Bartimeo es también un símbolo de todos los hombres que desean ver, caminar y vivir; y es, sobre todo, un símbolo para todos en tiempos de crisis, de oscuridad, de desorientación. Bartimeo es un símbolo para el hombre que, a pesar de todo, busca y sigue buscando el norte en su vida. Y junto al hombre que busca, al fin pasa la Vida y la Luz y el Camino, pasa Jesús. Y con Jesús, el hombre se encuentra a sí mismo y se encuentra su lugar en el laberinto de la vida.

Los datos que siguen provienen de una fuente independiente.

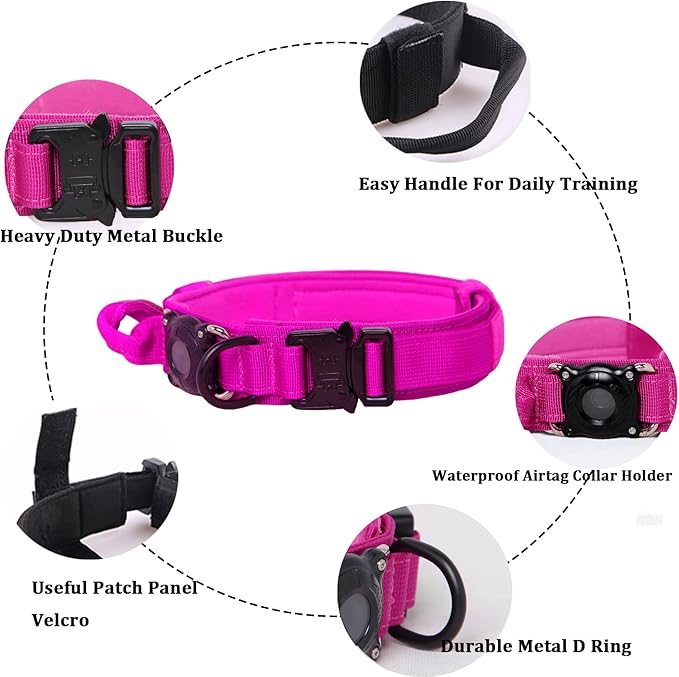 Xqpetlihai Upgraded AirTag Dog Collar Waterproof Tactical Dog Collar with AirTag Holder Heavy Duty Dog Collars for Large Dogs (Rose Red，XXL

No es difícil creer; lo difícil es amar, confiar y fiarse. A veces nos encerramos en la dificultad de creer, aduciendo crisis de fe, dificultades para creer u otras excusas. Pero todos los problemas de la fe se reducen a problemas de amor; el amor es lo difícil, porque es lo más sorprendente. Y el amor es lo único necesario. Porque sin amor el hombre queda al borde del camino, queda en la oscuridad, queda solo, sin camino, sin luz, sin vida, queda sin Dios. La fe no es otra cosa que luz, camino y vida. El egoísmo narcisista reduce al hombre a sus propios deseos e intereses, le cierra los ojos y el corazón, lo paraliza al margen del camino. El hombre que vegeta en su egoísmo tiene un corazón demasiado estrecho para acoger al prójimo, demasiado estrecho para recibir a Dios. El egoísta no ve al hombre que vive a su vera, ni escucha al que grita a su lado, por eso tampoco puede ver ni escuchar a Dios. Para llegar a la fe y perseverar en la fe, para sentir a Dios cerca del corazón y escuchar el susurro de su voz, hace falta romper las barreras del egoísmo, salir fuera de sí y emprender el camino hacia los demás, y así el camino para el encuentro personal con Cristo Jesús. Este encuentro nos llevará al seguimiento de Jesús con el resto de los discípulos. Bartimeo, apenas recobrada la vista, echó a andar. Antes permanecía sentado, parado, extraviado; ahora no puede permanecer inmóvil y camina con Jesús. Así el creyente. La dificultad de la fe no es otra que nuestro egoísmo, nuestra suficiencia, nuestro narcisismo. Porque la fe es apertura, encuentro, aceptación. Que el Señor ilumine los ojos de nuestro corazón y nos dé la fuerza para recorrer, detrás de él, el camino de la Vida.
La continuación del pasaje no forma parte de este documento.